You can depend on Daniel Jurkovic, Certified Elder Law Attorney for comprehensive planning for your digital assets.
Fiduciary Access: I Advise clients to make a separate inventory of their digital assets, including how and where they're held, along with usernames and passwords. This list should be updated on a regular basis. Remember that wills and power of attorney documents should NOT contain personal identifiers. Also remember that sharing the use of an account holder's access information may violate many terms of service agreements. Alert clients to consider their email provider's policies.
In today's digital world, access to email is critical — a decedent's email account often has the information needed to collect assets and receivables, pay debts, manage a business, and wind up affairs. Emails in an employer's system might not be accessible as an employer might deny a family or fiduciary access to an employer-provided account for a number of reasons. Ensure that estate-planning documents properly address digital assets. The trust and estate lawyer's natural common assumption is that all digital assets behave and are legally treated just like real property, tangible and intangible assets. However, not all digital assets are transferable on death, depending on the nature of the digital asset and the terms of service agreement.
Powers of Attorney:
Clients should give their agents authority over digital accounts in the event of incapacity. It's important not only to include provisions for the disposition of digital assets with monetary or sentimental value but also to provide for the destruction or securing of digital assets the client wants kept secret. Further, if they are to be destroyed or accounts terminated, that direction should be accompanied by a corresponding exculpation provision.

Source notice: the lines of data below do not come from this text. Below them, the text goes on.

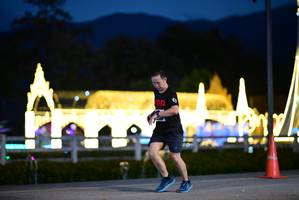 BIB: 
                            <button type="button" onclick="openModal(27832787)" class="btn btn-primary btn-sm float-right btn-popup" data-toggle="modal" data-target=".modal-high-quality">
                        <i class="fas fa-shopping-cart"></i> Add to Cart
                    </button>
                                            <button type="button" onclick="isThisMe(27832787, true)" class="btn btn-success btn-sm float-right btn-popup btn-isme hidden" data-toggle="tooltip" data-placement="bottom" title="นี่คือรูปของคุณใช่ไหม คลิกที่นี่เพื่อเอาเข้าอัลบั้ม">
                        <i class="fas fa-plus"></i> Add to album
                    </button>
                    <button type="button" onclick="isThisMe(27832787, false)" class="btn btn-warning btn-sm float-right btn-popup btn-isnotme hidden">
                        <i class="fas fa-ban"></i> Remove from album
                    </button>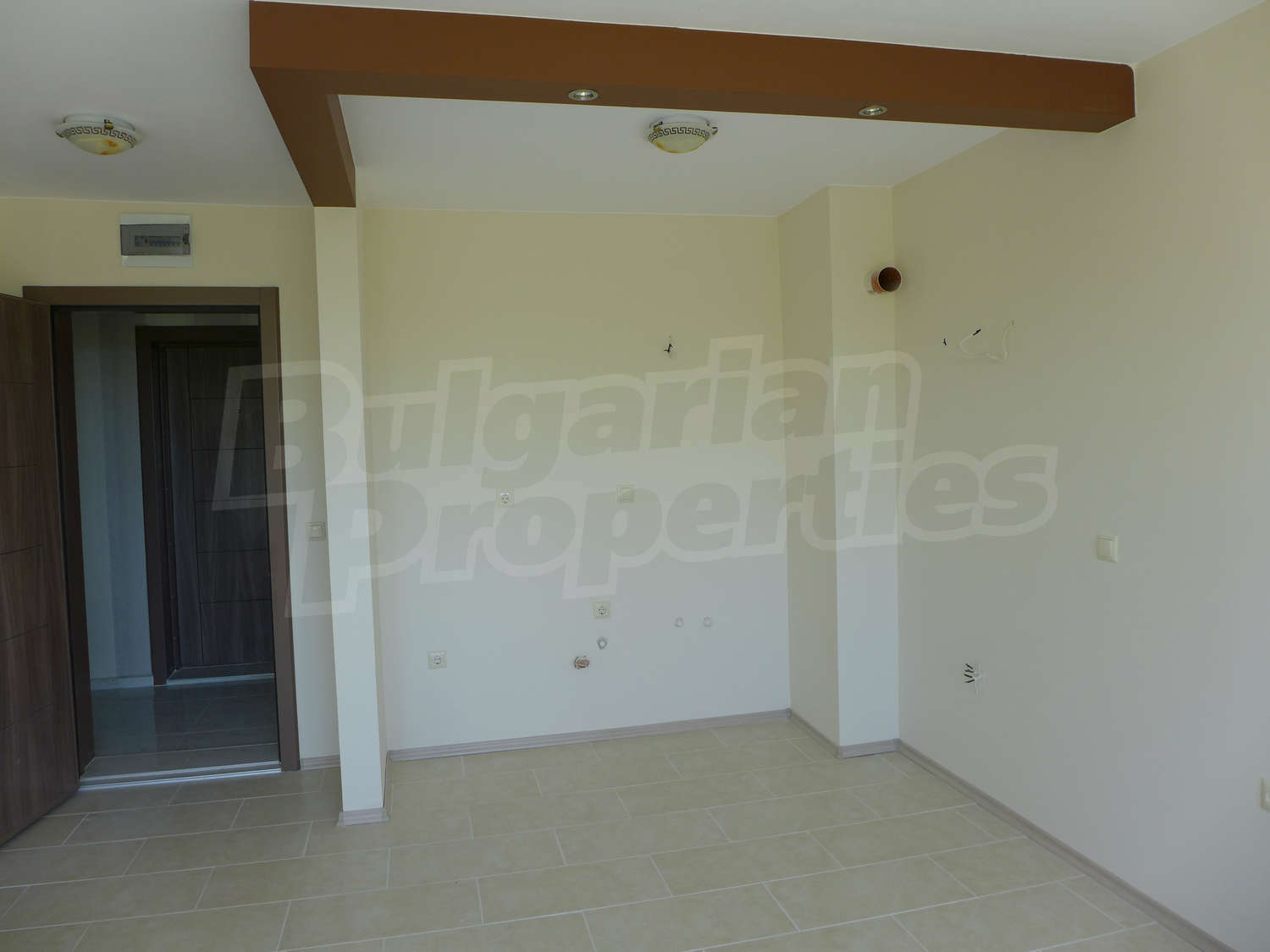 Gallery Picture 42
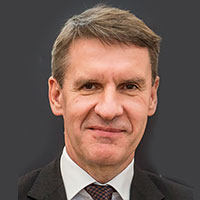 Włodzimierz Kiciński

Estate Administration: Personal representatives should be aware of digital assets and who controls them to determine if their disposition comports with the decedent's estate plan. Digital accounts are generally treated as any other asset for purposes of inheritance or trust law and issues such as access and descent should be decided under existing probate laws.
There are also a number of commercial services that attempt to reduce problems related to digital assets for survivors by allowing a decedent's beneficiaries or personal representative to show evidence of the decedent's death to only one provider, rather than each individual provider with which the decedent had an account. One example is
E-Z-Safe.
The Digital Beyond maintains a
list of online services
that are designed to help you plan for your digital death and afterlife or memorialize loved ones.
Protecting the Decedent's Identity: Personal representatives should take basic precautions against identity theft, including cancelling credit and charge accounts, sending copies of the death certificate to the three credit reporting bureaus, obtaining free credit reports from each credit bureau to ensure there was no post-death activity, as well as cancelling the decedent's driver's license and asking the issuer to refuse any requests for duplicates.